Regardless of the purity of the prosecutor's intent, excluding blacks from jury service perpetuates systemic racism and that, no matter what the verdict, is unjust.

Thursday, December 20, 2007

Justice?

Gideon wrote:

Maybe I’m naive, but I thought it - what we do, this side and the other - was about justice. Righting wrongs. Then why, for some, is it about winning and losing?

What this side does is different than what the other side does. The other side has (but of course doesn't always follow) an ethical and legal mandate to seek justice. We have an ethical and constitutional mandate to zealously defend our clients.

The nature of justice is something that I spend a lot of time meditating. There are different sorts of justice. For example, there is restorative justice (making things right) and retributive justice (evening the score). Cleaving justice on another plane, there is substantive justice (making things right or evening the score) and procedural justice (regardless of the result, making sure that fair rules are followed).

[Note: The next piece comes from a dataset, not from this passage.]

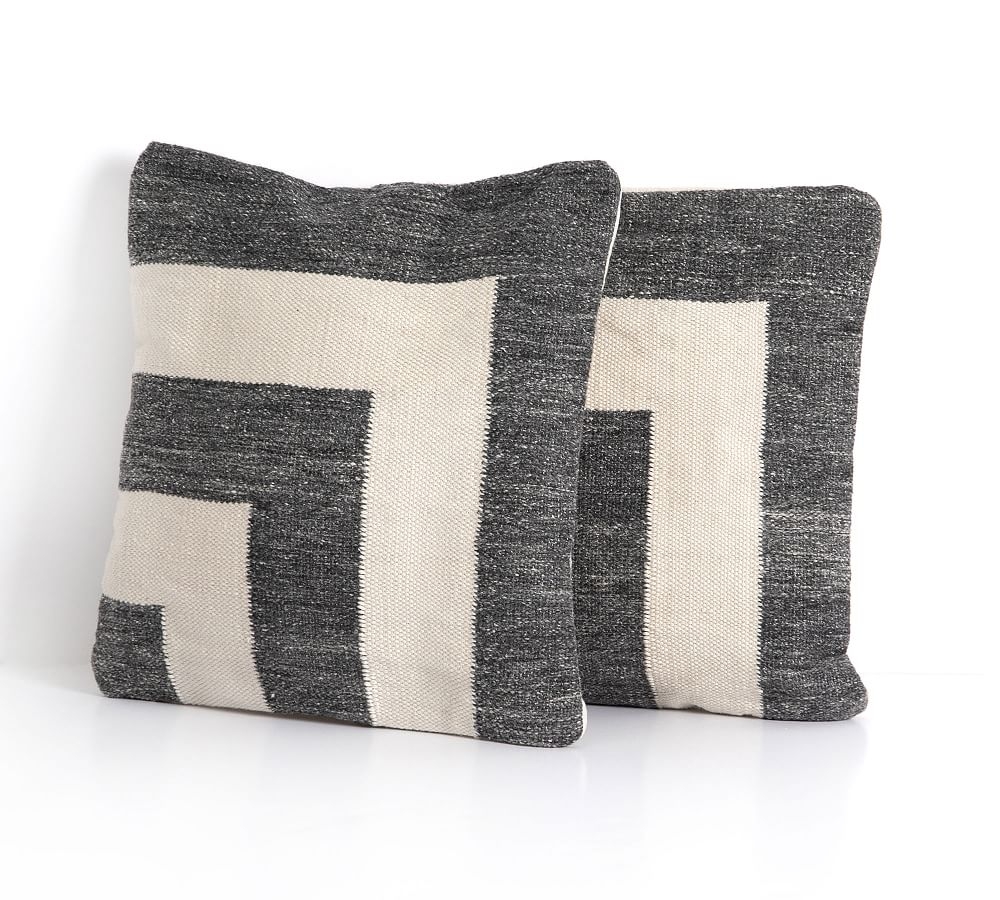 Grannus Indoor/Outdoor Pillow - Set of 2, 20 x 20", Charcoal/Ivory - Image 0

If you accept that procedural justice is justice, then yes, criminal defense is often about justice. Part of our job is to seek procedural justice by making sure that fair rules are followed. When I say "fair rules" I mean rules fair to our clients. The other side, being the government, is not constitutionally entitled to fairness. Nor is the other side, being a non-living creature, ethically or morally entitled to fairness. So we seek procedural justice and, if we get it, our clients get all possible breaks.

Now, Young Shawn Matlock asks this question: "How many criminal defendants who hire a defense attorney will be happy being led into custody following a loss at trial knowing that justice was done?" and answers it: "None. That's how many." I disagree with Shawn's answer. I have had many clients unhappy with me for having helped them execute their decision to plead guilty, and many clients whose cases have been dismissed as a result of my hard work have acted as though the dismissals were nothing more than their due, but almost every client whose case I have tried has been happy with my representation. Lots of defendants have never had anybody fight for them before; procedural justice feels good to them.

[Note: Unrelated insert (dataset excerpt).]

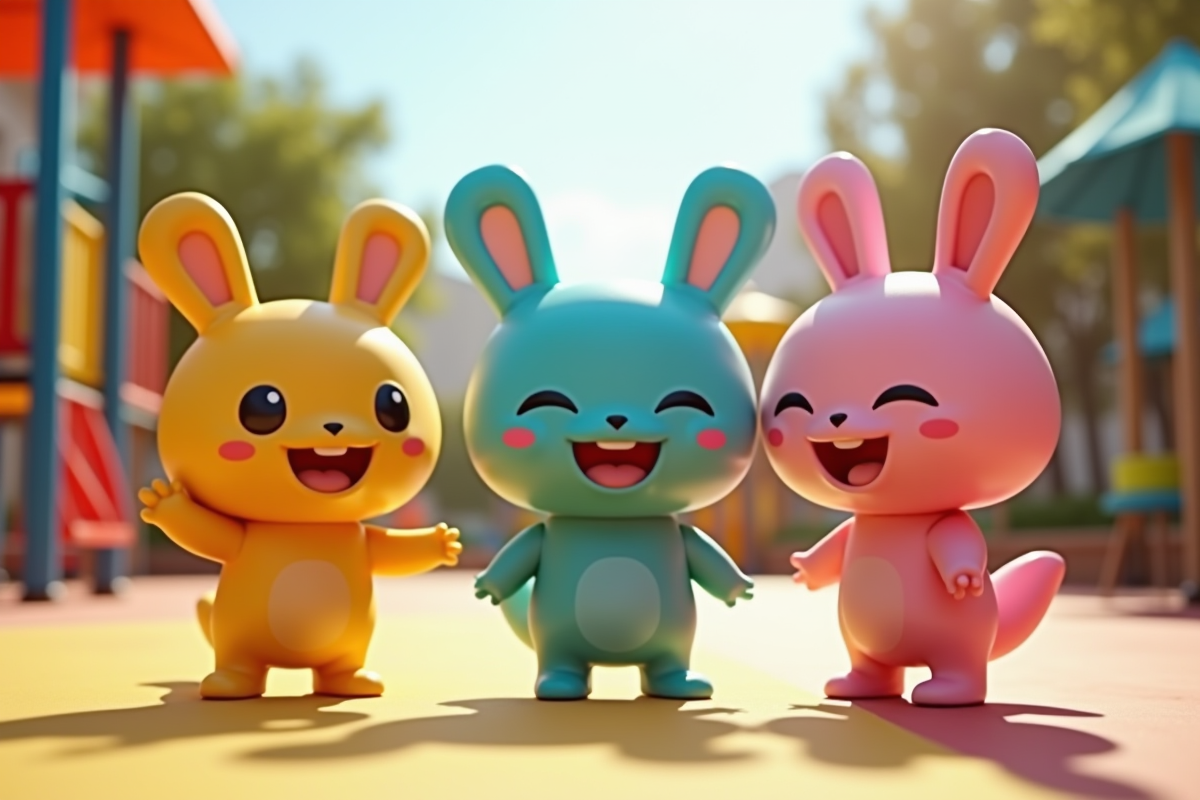 Personnages animés de OuiOui dans un parc moderne en extérieur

But most (non-defending) people don't accept procedural justice as justice. In the criminal courthouse, it appears to most that the only justice is retribution. When rules fair to the accused are followed and the accused goes free, they call it a "technicality."

In a criminal case, the government is trying to put the accused in a box, whether real (coffin, prison cell) or metaphorical (probation, sex offender registration). The criminal defense lawyer is trying to prevent the government from putting the accused in a box. Sometimes nothing (not even a motion to change the facts) will keep the client out of a box. On those occasions the defender tries to make the box as big as possible (a prison cell instead of a coffin, probation instead of a prison cell, shorter probation instead of longer).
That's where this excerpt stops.